Red tide blooms in the Gulf of Mexico can be expected in the fall almost every year and 2019 is no exception. Karenia brevis, the dinoflagellate species that causes these red tide events, is once again blooming off the southwest Florida coast. Low concentrations of red tide were first detected near Manatee and Sarasota counties in August; however, these cells have dissipated to background concentrations. The current bloom started with low concentrations of cells in Collier and Lee counties in late September. Background to high concentrations of K. brevis have persisted in this area over the last month and the bloom has expanded northward into Charlotte county. A bloom forecast for the next 4 days shows surface waters moving northwestward and minimal transport of bottom waters.
Concentration of Karenia brevis is calculated as the number of cells per liter of water (Table 1). Once red tide has reached the shore, cells can be transported alongshore by wind and currents. This means that red tide concentration is not consistent across areas and some shorelines may experience background concentration of cells whereas others may experience high concentrations (>1 million cells per liter).

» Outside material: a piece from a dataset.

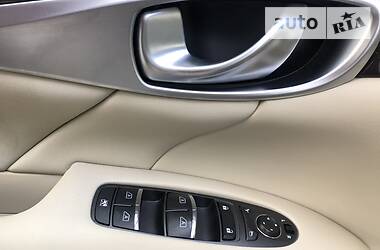 Седан Infiniti M37 2013 в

Respiratory irritation has been reported in both Lee and Collier counties during this current bloom. K. brevis produces a toxin called brevetoxin. Brevetoxins may be released into the air when wind and wave actions cause the algal cells to break open. Aerosolized brevetoxins can cause severe breathing problems for individuals with respiratory conditions, such as asthma. Healthy individuals may experience some irritation on exposure, but these symptoms typically subside once they leave the impacted area. Respiratory irritation can occur even at low concentrations of K. brevis and during severe red tide events brevetoxins can be detected 1-2 miles away from the bloom.
Fish kills in Collier and Lee counties have also been reported. K. brevis can cause fish kills in a couple of ways. Brevetoxins can affect the central nervous system of fish, causing them to die and the rapid growth and decay of cells can deplete the water of oxygen, leading to additional fish mortality.
Although red tide blooms are a near annual occurrence, the duration and severity of a bloom differs from year to year. About every 10 years or so, we experience a super bloom. Scientists are not exactly sure what causes this, but they are exploring different hypotheses. We experienced a super bloom during our last red tide event (2017-2019) which lasted 16 months. Super blooms also occurred in 2005-6 and 1994-96. In fact, super blooms have been documented since scientists began tracking red tide blooms. Although we certainly remember the super blooms, it’s interesting to note that in Florida, red tide blooms have occurred 57 of the last 66 years.
There’s really no way to predict how bad this current bloom will get or how long it will last, but there are a number of resources available to readers to help them make informed decisions when planning outdoor activities.
FWC maintains a daily sample map that shows results from the last 8 days of red tide sampling: Red Tide Current Status.
Forecasting tools have been developed that predict respiratory irritation due to red tide blooms: Gulf of Mexico Harmful Algal Bloom Forecast and where a bloom may move over the next four days: Red Tide Prediction and Tracking on the West Florida Shelf.
During a harmful algae bloom event, the National Oceanic and Atmospheric Administration also issues twice weekly forecasts using satellite imagery and other data to monitor blooms and the potential for impacts.
Mote Marine Lab provides up-to-date information on respiratory irritation and fish kill status from select beaches as part of their Beach Conditions Reporting System.